For most of us, our first experience with grief is usually as a child where the pet hamster, or the family pet died. Even the loss of fish can pull on a child’s heart strings. My husband’s immune system became challenged when his German Shepherd of 14 years passed away. For a year he suffered with cytomegalovirus. It actually crippled him to the extent of being off work for six months. Truth is, I believe he never afforded himself the opportunity to grieve his beloved Panda’s loss. His body ultimately provided that for him.

If you have ever suffered a pet loss, take some time now to feel the pain of the loss. Write an obituary for them. After you write their name, tell where the name came from. Instead of listing their age, describe how many years of joy and love they brought you. Tell what jobs they held around the house. Remember to list their survivors, you know, Mom and Dad, Brothers and Sisters. Describe the memorial service you had for them.
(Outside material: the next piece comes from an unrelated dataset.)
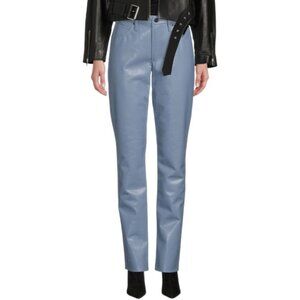 NEW GOLDSIGN The Stacked Roya Straight-Leg Leather Jeans in Jubilee Blue Size 27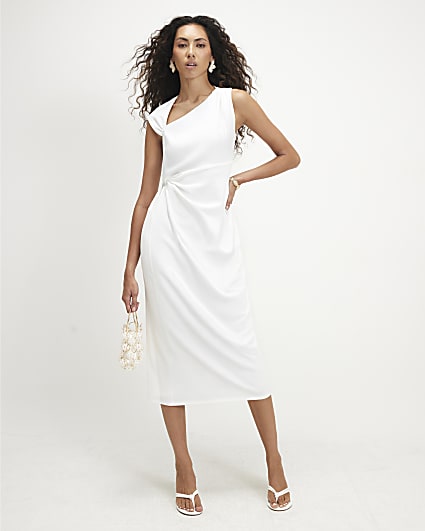 Cream Tie Side Drape Midi Dress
Then, write your beloved pet a letter. Tell them how some days your only happiness was their greeting you at the door. How even in their finicky ways you felt their unconditional love. Remind them how you learned to think about others and improved your tolerance and patience levels because of them. Some specific examples would be nice.

If you had to have them put down or lost them in a divorce, ask for their forgiveness and understanding in the decision you had to make. If you want another pet or have already brought a new pet home, ask for their permission to love and enjoy the new pet just as you enjoyed them. Tell them that no other pet will EVER take their place.